FBI Director Kash Patel said Friday that the agency is moving 1,500 staff members to other facilities throughout the nation, leaving its long-standing headquarters in the J. Edgar Hoover Building.

“This FBI is leaving the Hoover building because this building is unsafe for our workforce,” Patel told Fox Business anchor Maria Bartiromo in an interview.

“We want the American men and women to know if you’re going to come work at the premier law enforcement agency in the world, we’re going to give you a building that’s commensurate with that, and that’s not this place,” he said in a teaser clip that will air in full on “Sunday Morning Futures.”

Patel did not provide a timeline for the relocation or the new site of the bureau’s headquarters, nor did he elaborate on the safety risks associated with the enormous brutalist building on Pennsylvania Avenue between the White House and Congress.

President Trump has been thinking about reconstruction for years since the Hoover building, which was finished in 1975 after more than ten years of construction, is located on a block of great real estate.

Trump hinted in March that his administration was “going to build another big FBI building right where it is, which would have been the right place, because the FBI and the DOJ have to be near each other.”

It’s unclear where a temporary office might be located.

“Look, the FBI is 38,000 when we are fully manned, which we are not. In the national capital region, in the 50-mile radius around Washington, DC, there were 11,000 FBI employees.
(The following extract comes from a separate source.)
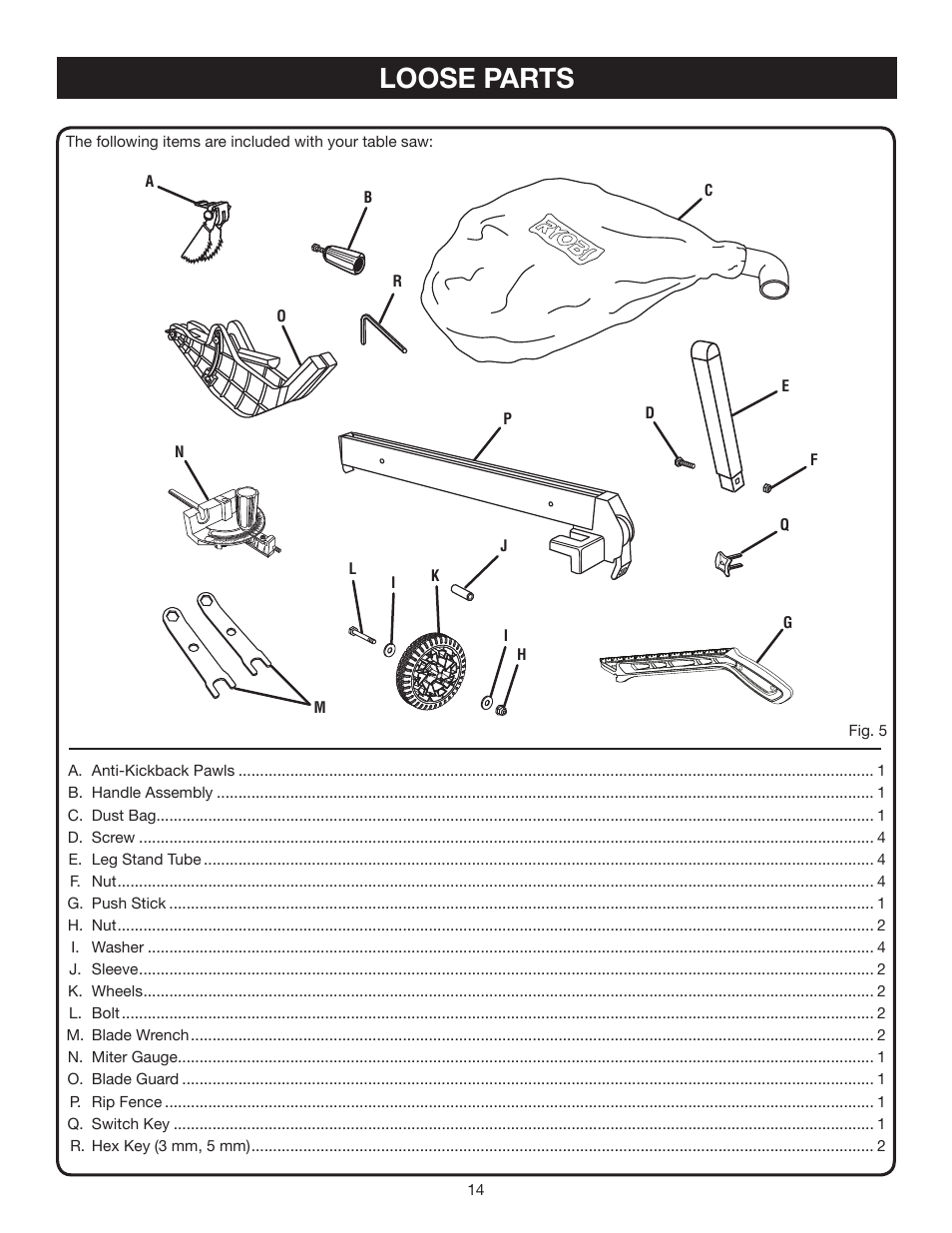 Loose parts | Ryobi RTS30 User Manual | Page 14 / 42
That’s like a third of the workforce. A third of the crime doesn’t happen here,” Patel told Bartiromo.

“So we are taking 1,500 of those folks and moving them out. Every state is getting a plus-up. And I think when we do things like that, we inspire folks in America to become intel analysts and agents and say we want to work at the FBI because we want to fight violent crime and we want to be sent out into the country to do it.”

He added: “in the next 3, 6, 9 months we’re going to be doing that hard.”

Patel has been busy this week.

The FBI director noted in a social media post on Thursday that federal agencies were looking into a since-deleted tweet from former Director James Comey that many took as a threat against President Donald Trump’s life.

“We are aware of the recent social media post by former FBI Director James Comey, directed at President Trump. We are in communication with the Secret Service and Director Curran. Primary jurisdiction is with SS on these matters and we, the FBI, will provide all necessary support,” Patel tweeted.

Comey posted a photo of what appeared to be seashells arranged to form two numbers “86 47” — which many took as a call to assassinate Trump, the 47th president. “86” is slang for a “hit.” In the post he also wrote, “cool shell formation on my beachwalk.”

Later, the former FBI director fired by Trump early in his first term for malfeasance on the job posted another message to X, claiming he “didn’t realize some folks associate those numbers with violence.”

Trump was asked about the post in an interview with Fox News in which he criticized Comey for claiming ignorance.

“He knew exactly what that meant. A child knows what that meant. If you’re the FBI director and you don’t know what that meant? That meant assassination,” Trump said. “He wasn’t very competent, but he was competent enough to know what that meant.”

Department of Homeland Security Secretary Kristi Noem, who oversees the Secret Service, posted on X: “DHS and Secret Service is investigating this threat and will respond appropriately.”

Director of National Intelligence Tulsi Gabbard said that what Comey posted was a threat that should land him in jail.